Differences between Look East and Act East:
- Geographical range: Act East Policy focusses on the extended neighborhood in the Asia-Pacific region. Look East Policy was primarily targeted to bolster the relationship between ASEAN countries and India. Act East Policy include the regions up to the East China Sea. India has upgraded its relations to a strategic partnership with Indonesia, Vietnam, Malaysia, Japan, Republic of Korea (ROK), Australia, Singapore and Association of Southeast Asian Nations (ASEAN) and forged close ties with all countries in the Asia-Pacific region.
- Dimensions: Look East Policy primarily included only strategic initiatives. It has since gained political, strategic and cultural dimensions including establishment of institutional mechanisms for dialogue and cooperation.
- Regional to multilateral: Apart from ASEAN, India has expanded its involvement to ASEAN Regional Forum (ARF) and East Asia Summit (EAS). India has also been actively engaged in regional fora such as Bay of Bengal Initiative for Multi-Sectoral Technical and Economic Cooperation (BIMSTEC), Asia Cooperation Dialogue (ACD), Mekong Ganga Cooperation (MGC) and Indian Ocean Rim Association (IORA).
- Inclusion of North East India: Act East Policy is to promote economic cooperation, cultural ties and develop a strategic relationship with countries in the Asia-Pacific region through continuous engagement at bilateral, regional and multilateral levels thereby providing enhanced connectivity to the States of North Eastern Region including Arunachal Pradesh with other countries in our neighborhood. The North East of India has been a priority in our Act East Policy. AEP provides an interface between North East India including the state of Arunachal Pradesh and the ASEAN region.

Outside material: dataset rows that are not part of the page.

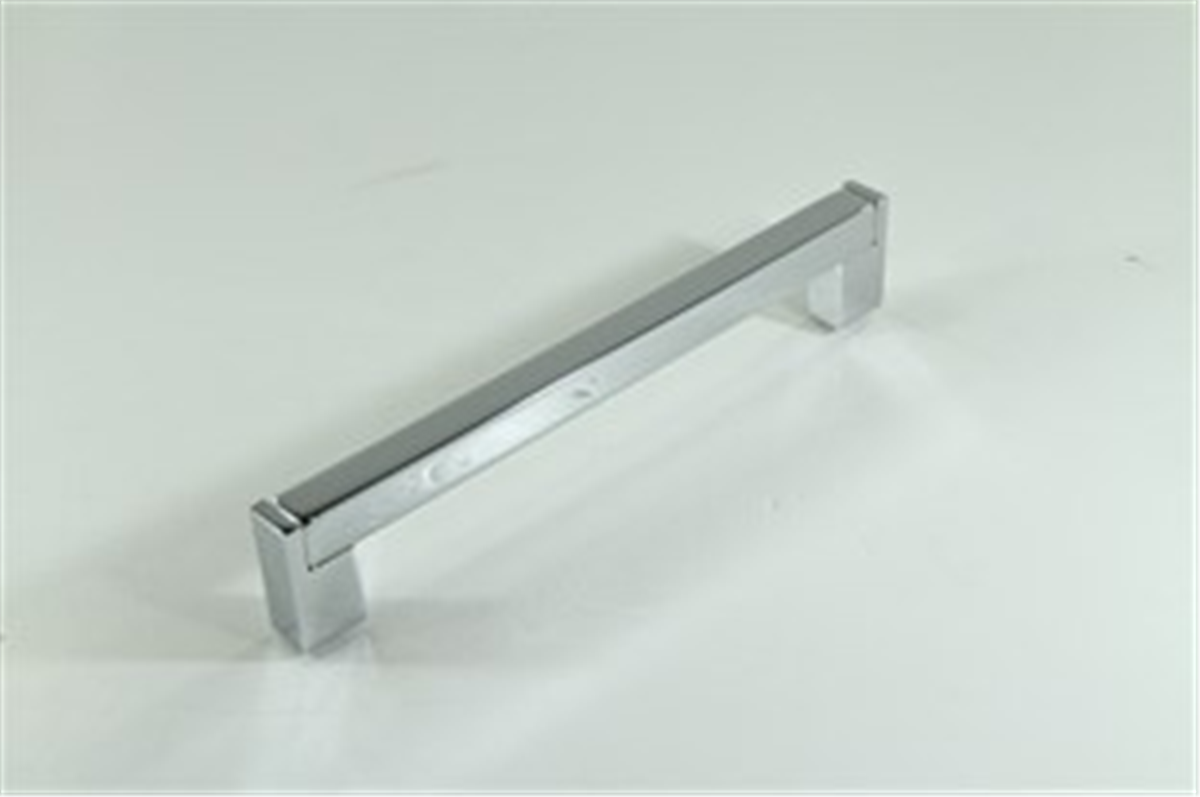 832160 MP02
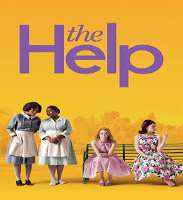Viola DavisThe Help (Film 2011)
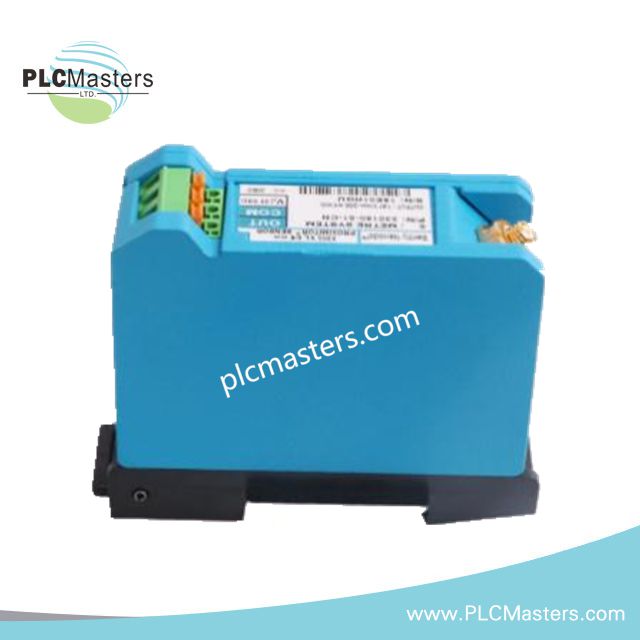 Bently Nevada 330180-51-CN Proximity Sensor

- Infrastructure, Connectivity Projects: AEP policy emphasize to develop and strengthen connectivity of Northeast with the ASEAN region through trade, culture, people-to-people contacts and physical infrastructure. Some of the major projects include Kaladan Multi-modal Transit Transport Project, the India-Myanmar-Thailand Trilateral Highway Project, Rhi-Tiddim Road Project, Border Haats, etc.
Critical Analysis of AEP:
- External factors: The political instability and the frequent regime changes in countries like Myanmar, Thailand cause delays in achieving the objectives of AEP.
- Role of China: China has capitalized the opportunities of delayed implementation of projects by India. During the past decades, China has made a substantial influence in the region. India is also concerned about the growing assertiveness of China in the South China Sea.

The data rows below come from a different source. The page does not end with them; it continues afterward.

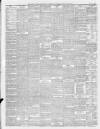 Derbyshire Courier Saturday 19 June 1852 Page 4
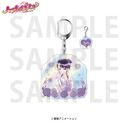 ʰķ�����ط��! ���ױ��ٷ����ް ���e���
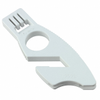 Specialized Tools - BEL1458-ND - DigiKey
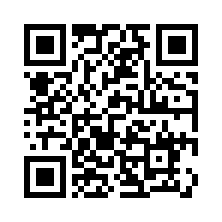 QR Code for 3Km1ZfwXExK3K5nhPjYhXyoRtsk5wR9TE6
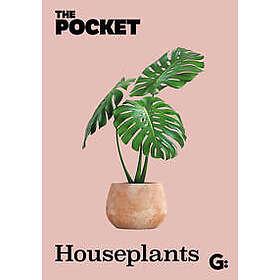 The Pocket Houseplants
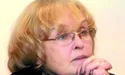 Лауреати премії ім. Гоголя — Роговцева, Курков та Писарев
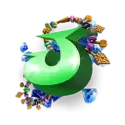 icon 9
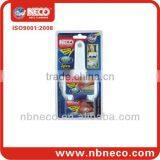 Roller Sticker thumbnail-1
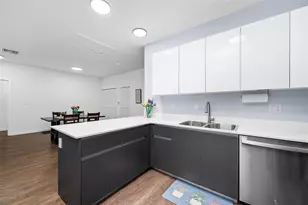 1581 NW 29 Rd, Gainesville, FL 32605 - Photo 13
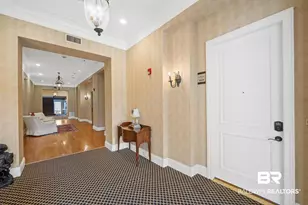 753 St Francis St, Mobile, AL 36602 - Photo 27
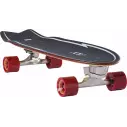 surfskate Yow Pipe 32''
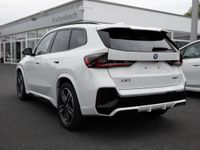 BMW iX1 - Vorschau Bild 7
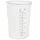 Städter Messbecher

- Indian diaspora: Diaspora in India is not yet active in these countries and not an active stakeholder in India’s progress.
- Divergence in engagement: Even though India have convergence in strategic issues of South China Sea with countries like Philipines, there is very little engagement both countries.
Conclusion: Act East Policy has to be refocused to enable the dream of the Asian Century which is a projected 21st-century dominance of Asian politics and culture, assuming certain demographic and economic trends persist.